D. Validity of EMD Forfeiture and Liquidation Thresholds (Issue IV)
- Contractual Enforcement: The Request For Resolution Plan (RFRP) under clause 1.9.4 explicitly empowers the lender to forfeit the EMD if the successful applicant misses the timeline to submit a performance guarantee or defaults on regulatory milestones. Because the appellant sat on his hands during relaxed timelines (a 45-day COVID-pandemic extension which eventually shrank back to the standard 7 days upon non-compliance), the RP’s forfeiture of the Rs. 1 crore was entirely sound and legal.
- Paramount Nature of Commercial Wisdom: Citing Manish Kumar v. Union of India (2021) and Sashidhar v. Indian Overseas Bank (2019), the Court reiterated that Section 33(2) and its 2019 Explanation grant the CoC the absolute, unreviewable legislative right to ring the death knell of a Corporate Debtor and mandate liquidation at any stage before a plan’s final judicial affirmation.
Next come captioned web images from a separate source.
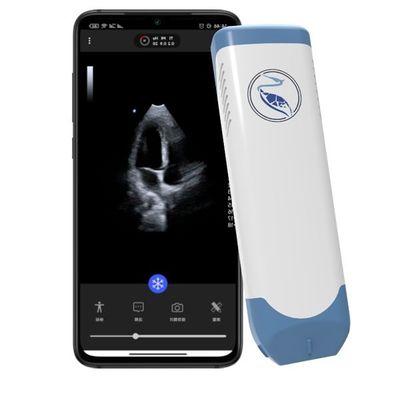 주문 아이폰 3.6MHz를 위한 깊이 18.9 센티미터 포켓용 초음파 스캐너 online manufacture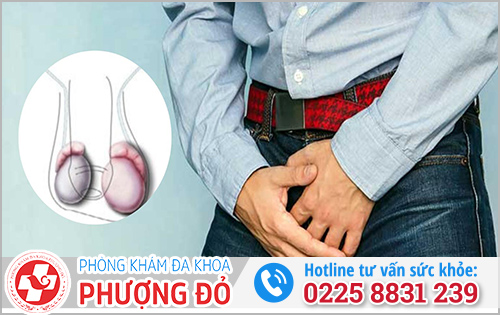 Tinh hoàn bên trái to hơn bên phải có sao không?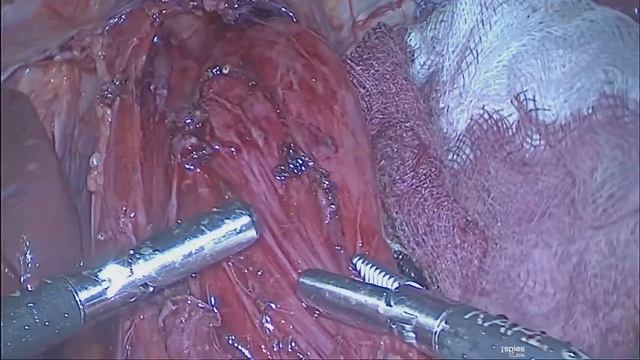 Laparoscopic Heller's Cardiomyotomy & Dor fundoplication for Achalasia Cardia - Dr. J. K. A. Jameel смотреть онлайн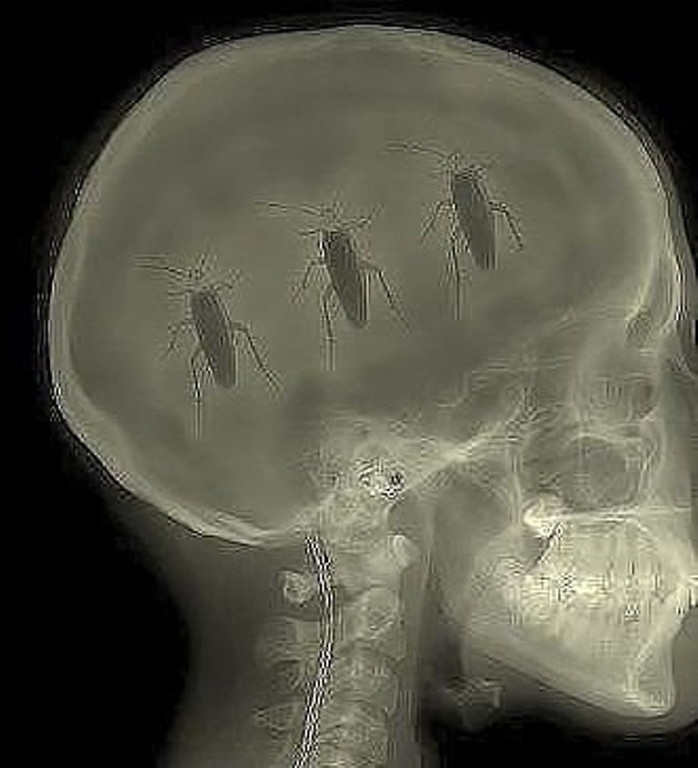 Тараканы в голове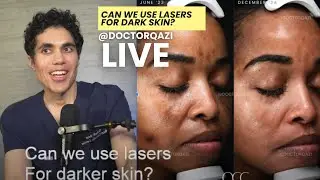 Dr. Qazi discusses Can We Use Lasers for Dark Skin? | Dr. Qazi Unsponsored Live | 3.12.2025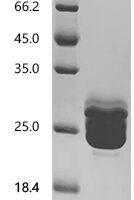 Aspergillus niger Probable endo-1,4-beta-xylanase B (xlnB) Recombinant Protein, C-His-Myc - BioCrest Sci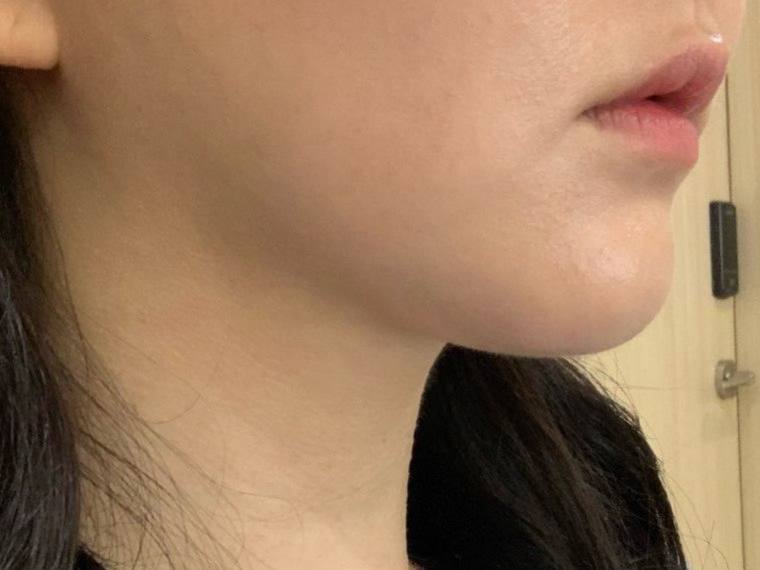 이중턱 지방흡입 너무 만족합니당 !!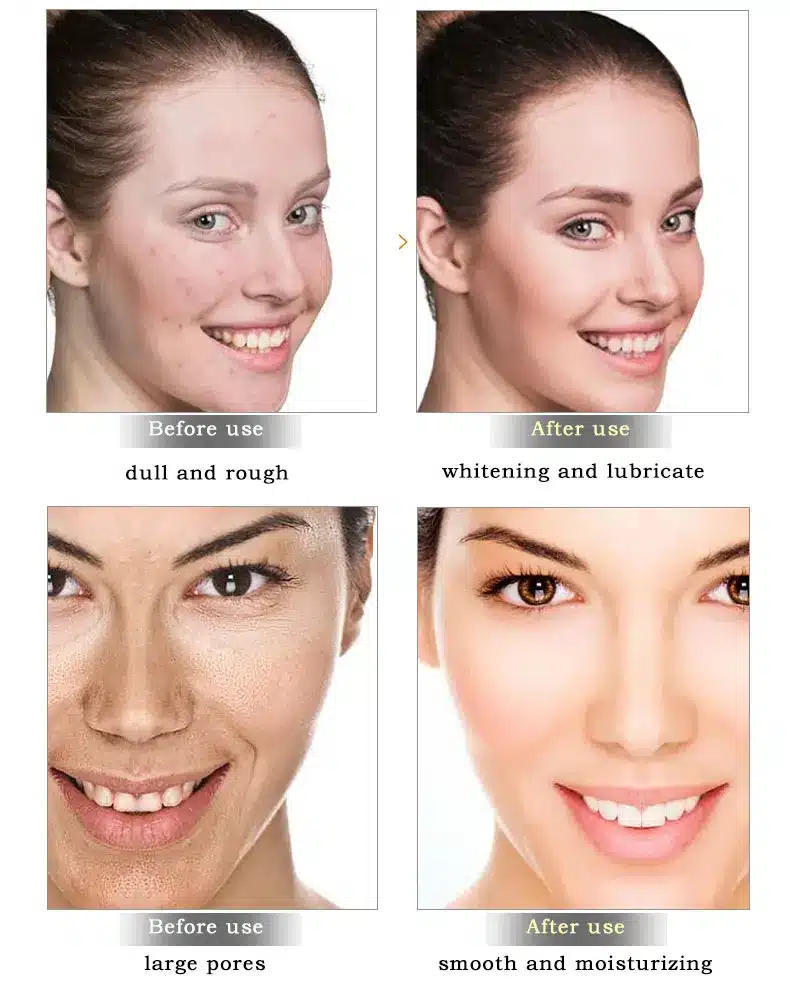 ARTISCARE Snail Repair Facial Cream Aging Aniti Oil-Control Face Cream Anti Wrinkle Shrink Pores Moisturizing Lifting Skin Care 20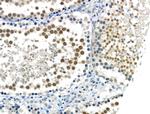 Phospho-SMAD2 (Ser255) Antibody in Immunohistochemistry (Paraffin) (IHC (P))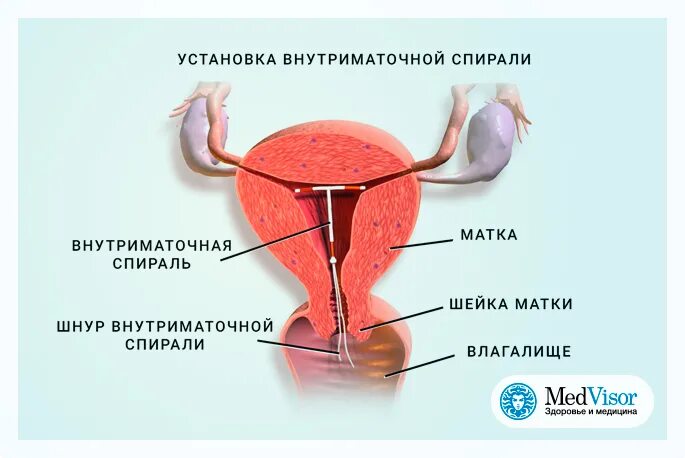 Спираль от беременности минусы. Спираль внутриматочная. Спираль ВМС. Внутриматочная спираль плюсы. Спираль внутриматочная минусы.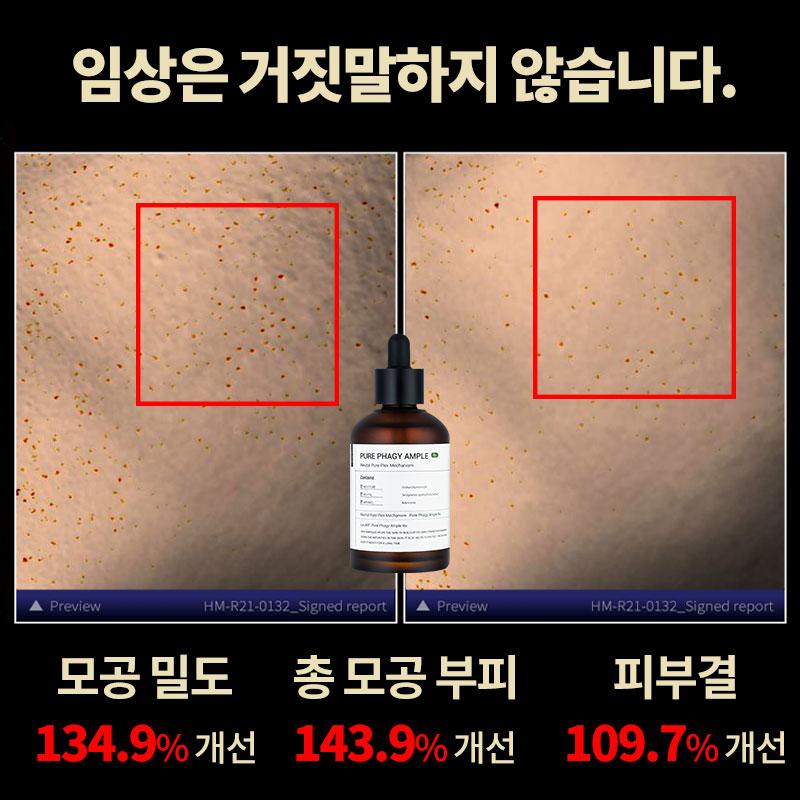 [🔒비밀링크] 라돌프 퓨어파지앰플RX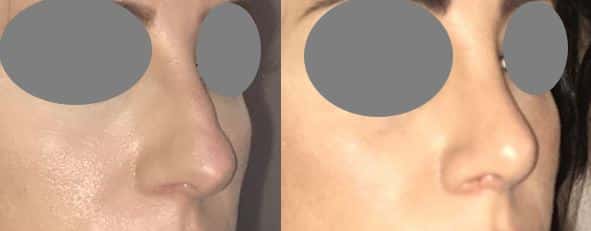 Rhinoplastie par voie fermée sans cicatrice externe - Résection de la bosse avec recul et remontée de la pointe nasale (mars 2021)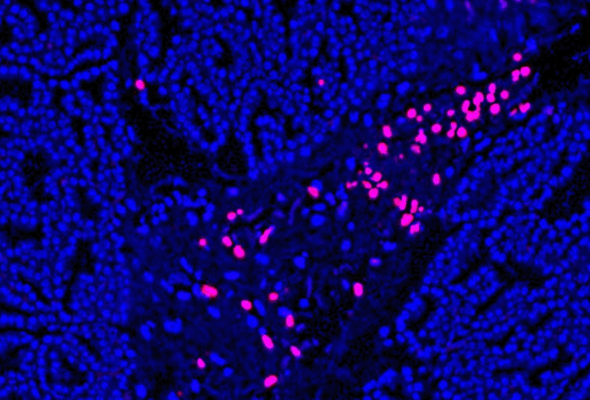 TUNEL Assay Apoptosis Detection Kit 이미지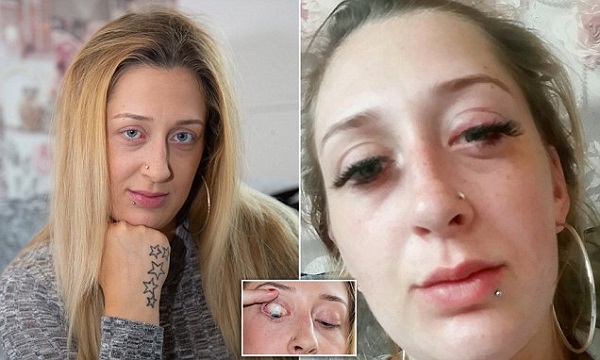 Стейси Луиз Болл с аллергией после наращивания ресниц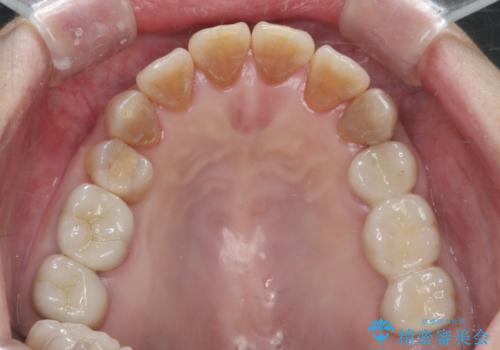 食いしばりが強い 歯周病全顎治療の治療後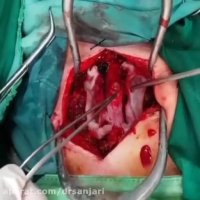 جراحی تنگی شدید کانال کمری و اسکولیوز دژنراتیو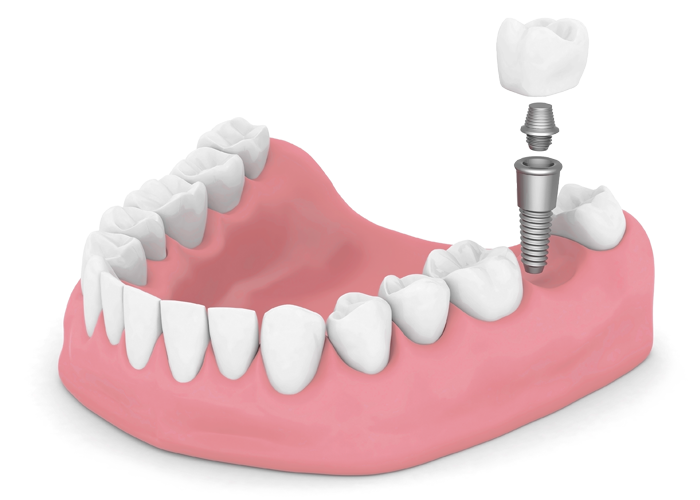 dental implant model Lafayette IN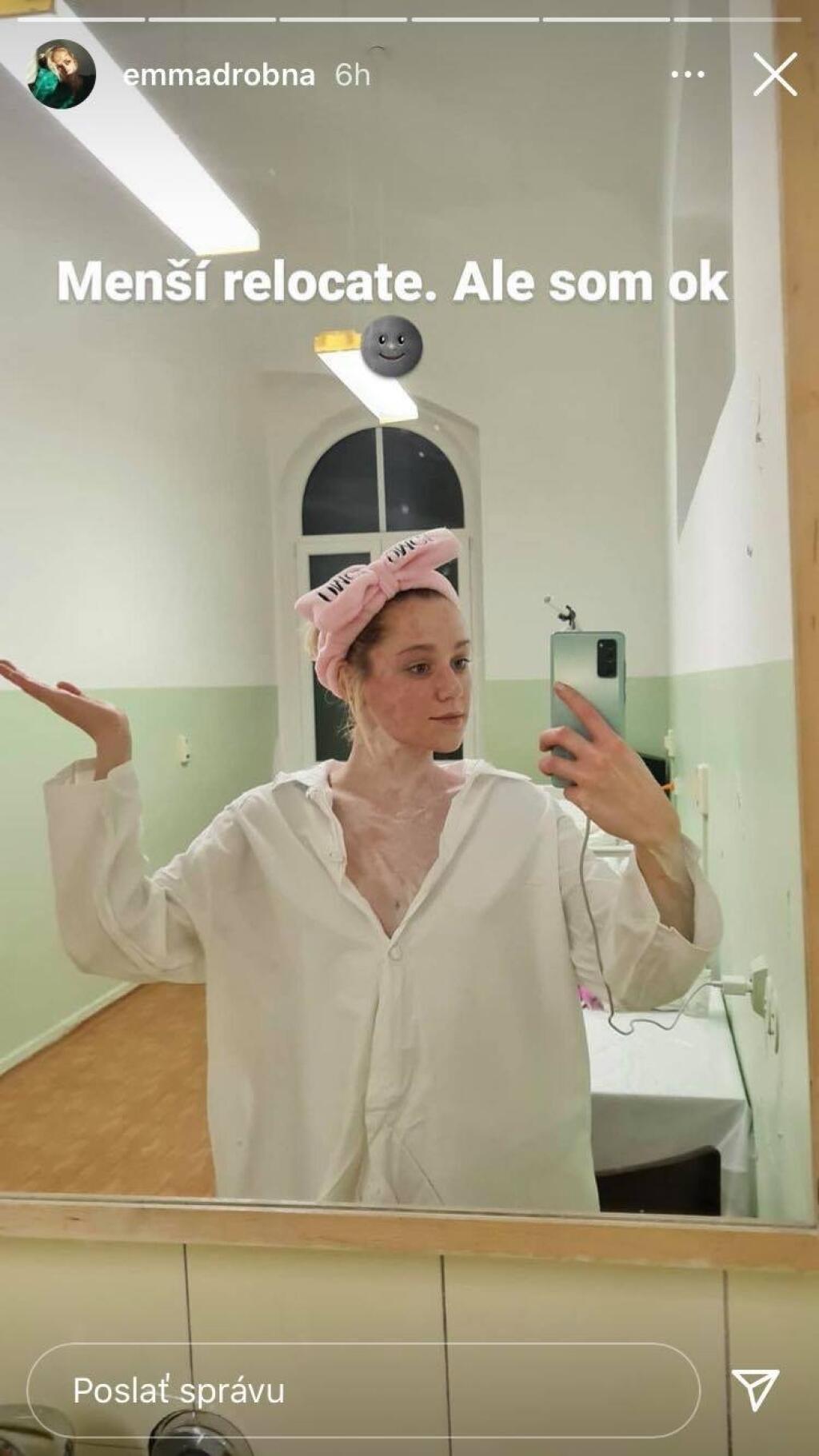 Emmu Drobnú postihla silná reakcia na tvári.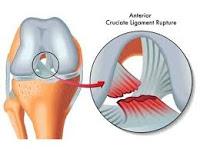 Reparación de Ligamentos usando el procedimiento BEAR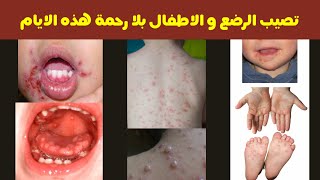 فيروس الهربس و الجديري المائي و مرض اليد و القدم و الفم عند الاطفال اعراضهم و طرق الوقاية و العلاج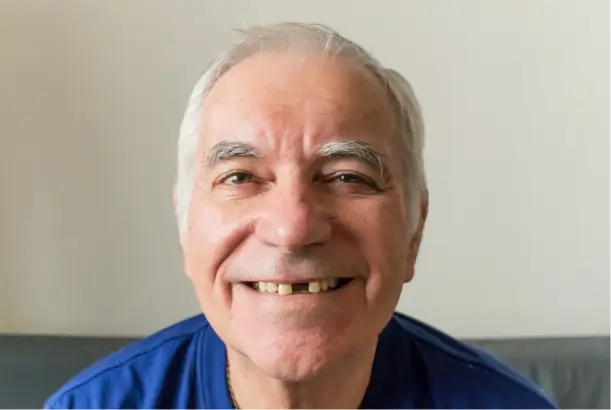 I Have Missing Teeth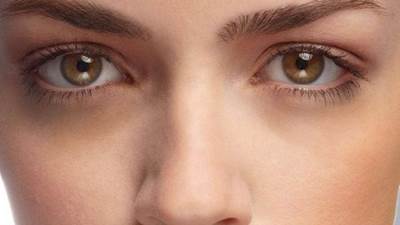 10 عناصر غذائية تكافح الهالات السوداء تحت العينين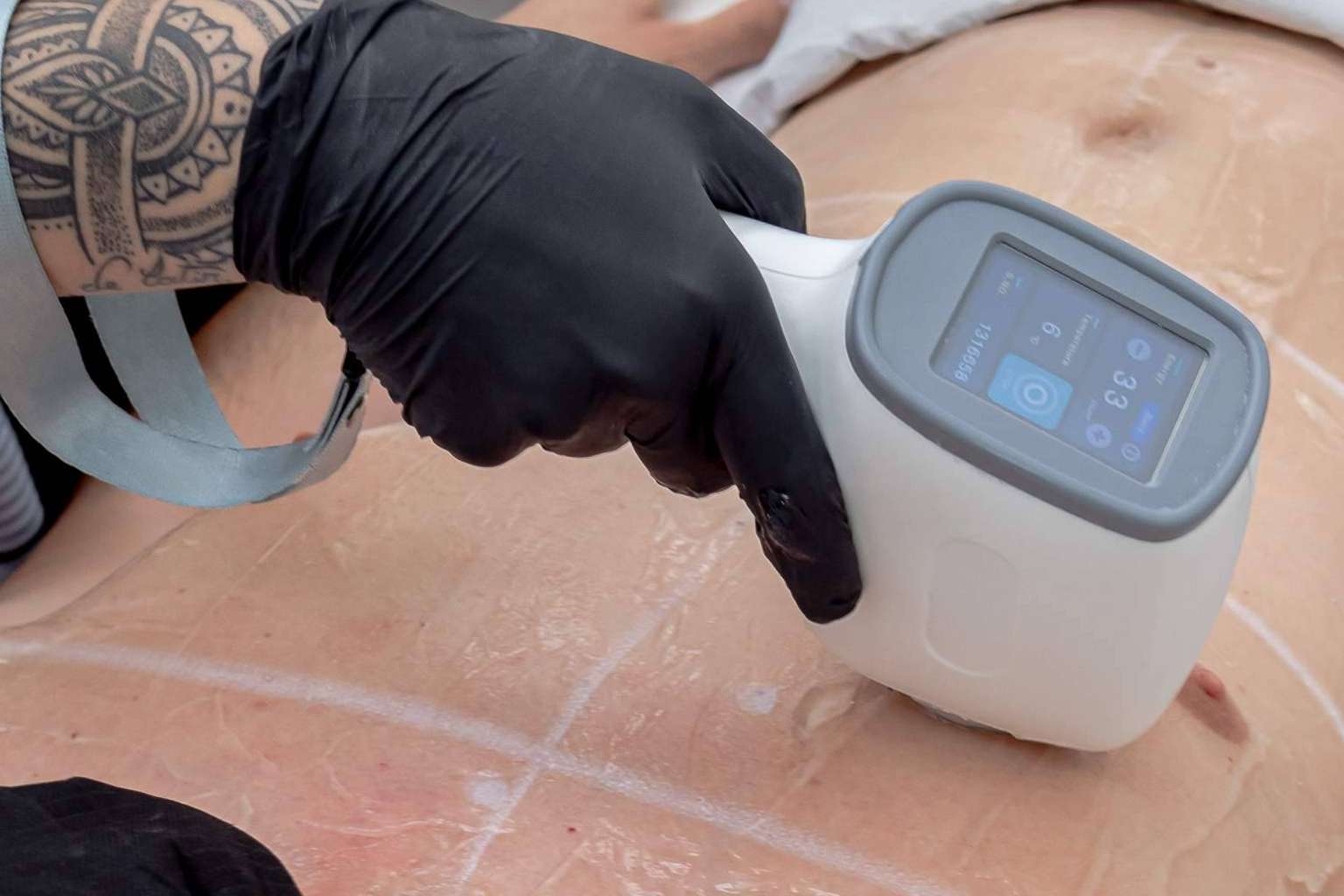 La eficacia en la depilación laser, por Sapphira Privé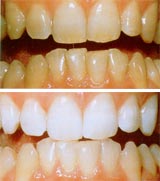 Отбеливание зубов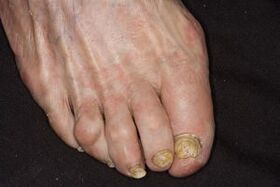 Treatment of nail fungus on apple cider vinegar vinegar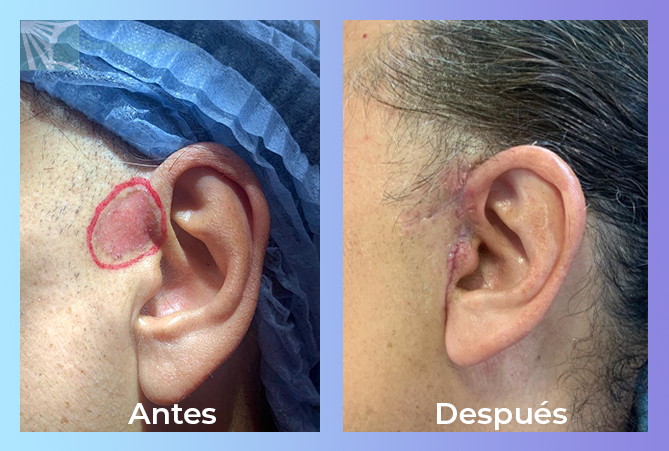 Cicatriz Acne y Tratamiento Laser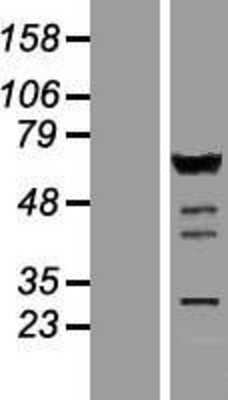 Western Blot: IRF5 Overexpression Lysate [NBP2-08321]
This collective business choice is completely non-justiciable.
3. Final Directives and Decretal Orders
The Supreme Court rejected the appeals with the following definitive mandates:
- Appeals Dismissed: Civil Appeal Nos. 12264-12266 of 2024 are dismissed for being entirely devoid of legal merit.
- Forfeiture and Orders Upheld: The separate concurrent findings of the NCLT and NCLAT validating the forfeiture of the Rs. 1,00,00,000/- EMD and rejecting the appellant’s applications are affirmed.
- Vacation of Interim Protections: All historical interim stay orders operational against the insolvency or liquidation proceedings stand formally vacated.
- Liquidation Enforcement: The Respondent No. 3 (Liquidator) is directed to proceed immediately with the remaining statutory phases of the liquidation of M/s. Oracle Home Textiles Limited in strict compliance with the timelines of the Code.
- Costs: The matter stands disposed of with no order as to costs.